Para justificar legalmente este simplismo ideológico, los congresistas le fabricaron a Gómez siete constituciones. Así, este autócrata resulta ser, en toda nuestra historia, la máxima expresión del mesianismo constituyente del que venimos hablando, pues en ningún otro gobierno, hasta hoy, se ha visto tal servilismo para «legitimar» las decisiones personales de «Jefe único».

Lo cierto es que todos hegemones que pretendieron disimular su egocentrismo haciendo que el autoritarismo por ellos crearon quedase –según la cursi expresión de Guzmán Blanco– «revestido con el manto de la constitución y de las leyes». La concepción caudillista o personalista del gobierno se tradujo en constituciones, «fabricadas» a prisa –por parlamentos serviles– a la medida de las ambiciones e intereses personales de «el salvador» de turno y de la camarilla que le adula, que le sirve y se enriquece.

Un elemento común en la historia de estos «salvadores» es que todos, tarde o temprano (salvo Gómez), sufrieron el exilio y murieron en el olvido, es decir, fracasaron estruendosamente en su propósito de perpetuar su memoria como reales benefactores de la patria.

El trinomio «Hegemones, constituyentes y fracasos» comenzó en 1830. Páez fue el primer hegemón y «salvador» de la república contra las supuestas «ambiciones monárquicas del dictador Bolívar». Pero se debe reconocer que su hegemonía fue más de prestigio que de imposición forzosa. Siendo el caudillo más prestigioso del momento, no implantó un gobierno caudillista sino una autocracia disimulada dentro de un ambiente de formalidad constitucional y de libre deliberación republicana, por lo menos hasta 1846. Pero también su intento de «salvar a la patria» mediante la dictadura durante la guerra federal en 1861, le valdría el tener que morir en exilio.

Después el caso se repite a nuestro juicio (con mayor o menor fuerza y con matices, según los personajes), en los siguientes momentos históricos: José Tadeo Monagas (1848-1858), Julián Castro (1858-1859), Juan Crisóstomo Falcón (1863-68), Antonio Guzmán Blanco (1870-1888), Joaquín Crespo (1892-1898), Cipriano Castro (1899-1908) y Juan Vicente Gómez (1908-1935). Esas autocracias ocupan aproximadamente 85 años de los 105 trascurridos desde 1830 lasta la muerte de Gómez en 1935.
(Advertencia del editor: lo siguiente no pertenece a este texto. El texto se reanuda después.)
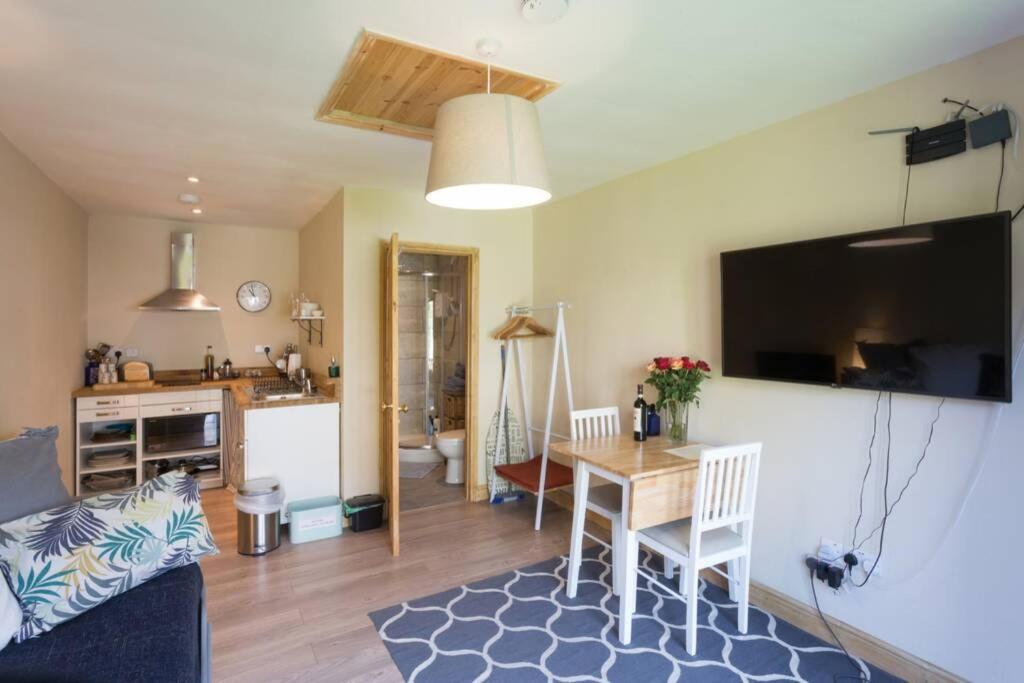 a living room with a kitchen and a dining room at Bristol Little House in Bristol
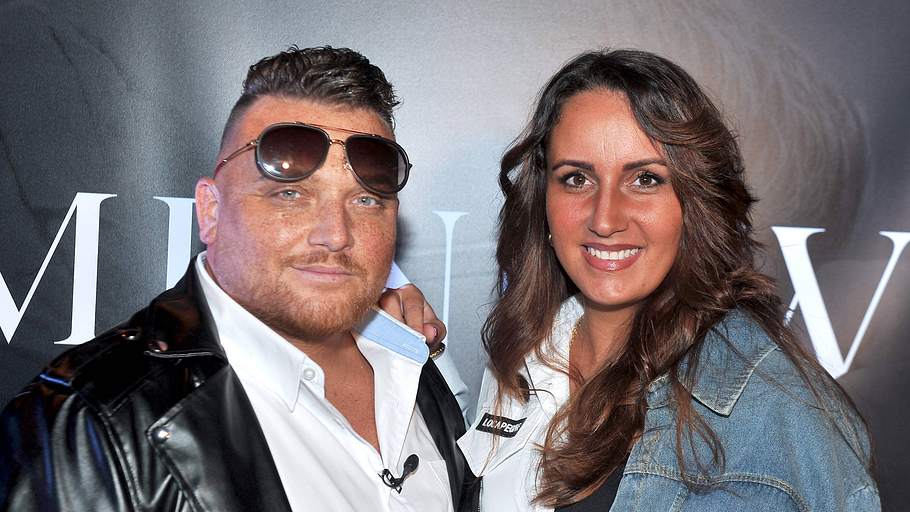Menowin Fröhlich trägt seine Pilotenbrille auf der Stirn und lächelt. Neben ihm steht Senay und legt die Hand auf seine Schulter.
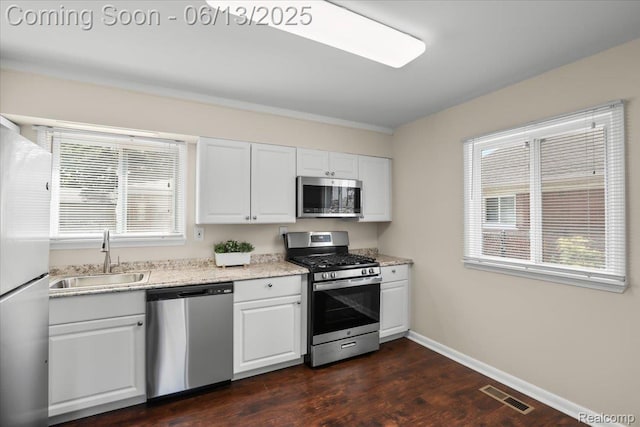 9243 Cornell St, Plymouth, MI 48180 - kitchen with appliances with stainless steel finishes, white cabinets, dark wood-style floors, and light stone counters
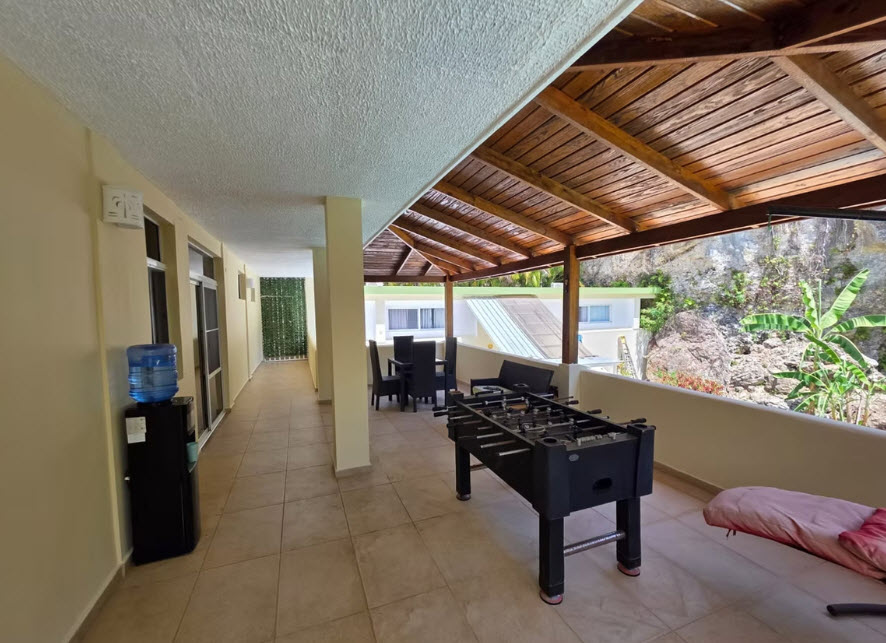 Covered patio with foosball table, seating, and water cooler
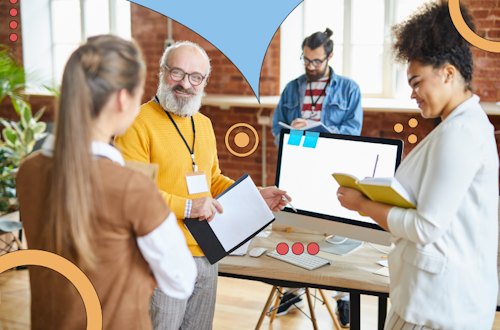 A group of people talking in an office, representing interpersonal skills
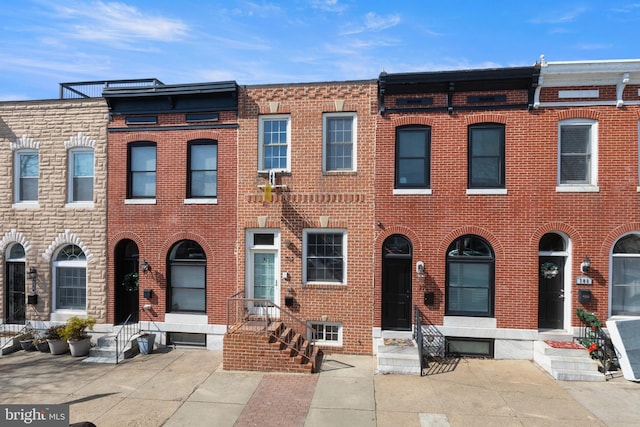 townhome / multi-family property featuring brick siding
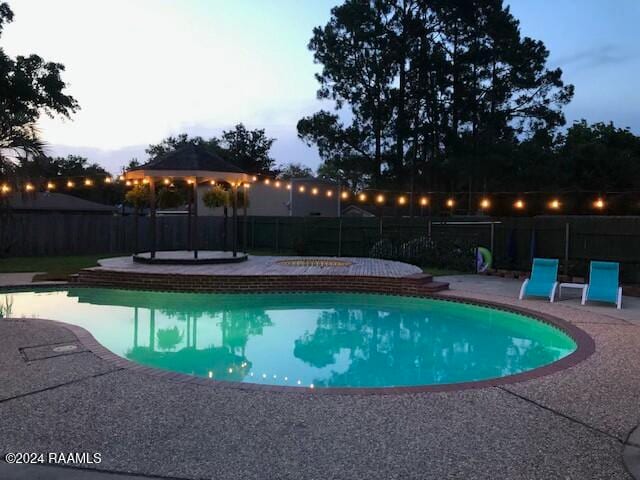 pool at dusk featuring a gazebo and a patio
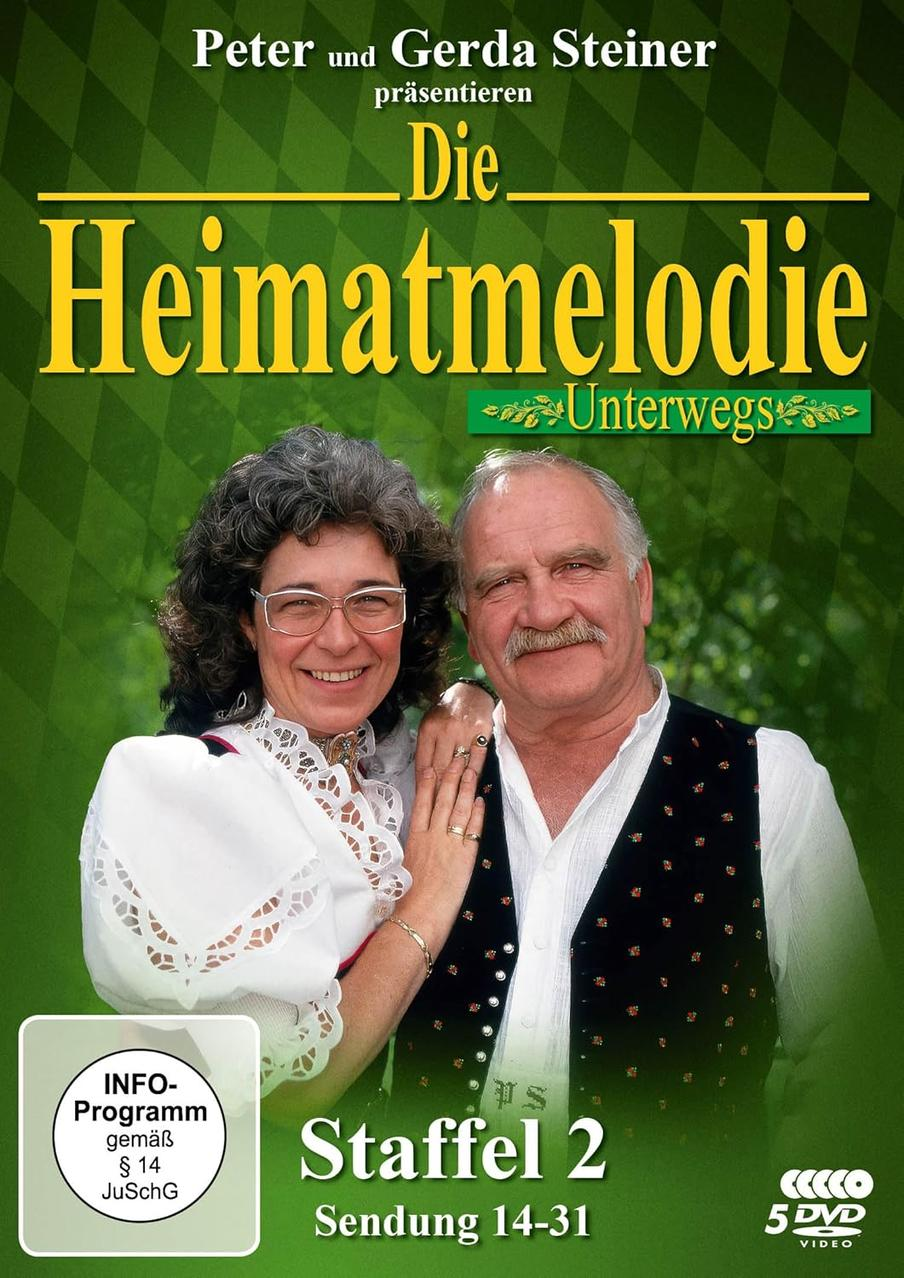 DVD-Cover von Die Heimatmelodie Unterwegs. Zwei lächelnde Personen. Grüner und gelber Text.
Desde la atalaya en la que miro la historia, veo a Gómez como el último de los caudillos decimonónicos, rurales todos ellos, con la sola excepción de Guzmán Blanco. Pero el «salvacionismo» personalista que aquéllos representaron, no desapareció después de su muerte, ya que –tras la transición López Contreras-Medina Angarita (1935-1948)– apareció otro «salvador»: Rómulo Betancourt, quien fue el líder indiscutido de la consigna política clave que explica el éxito de su partido AD en su oposición contra un pretendido «medinismo», que en realidad no existía: «voto universal, directo y secreto «, para acabar con « esta autocracia con atuendo liberal».
Tras el golpe de Estado del 18 de octubre de 1945, que aún no ha logrado salvarse de la censura de los historiadores, en el trienio 1945-48 se substituyó el personalismo caudillista con una «hegemonía partidista» en la que, aún bajo la presidencia de Rómulo Gallegos, Betancourt siguió siendo considerado por la mayoría de la opinión pública, como «el poder detrás del trono «. Por eso «los militares jóvenes», –ya no el caudillo con nombre y apellido–, sino la clase profesional representada en la ocasión por Marcos Pérez Jiménez, exigieron su salida del país en 1948 y, tras la negativa de del presidente Gallegos, dieron el golpe de Estado el 24 de noviembre de 1948 y abolieron la constitución «adeca» de 1947. Vino así la dictadura militar en su modalidad de autocracia personalista con Pérez Jiménez (1952-58) a cuya caída siguieron los ya famosos «40 años» que según el nuevo hegemón actual fueron el «pandemónium” que precedió a su sedicente gobierno revolucionario.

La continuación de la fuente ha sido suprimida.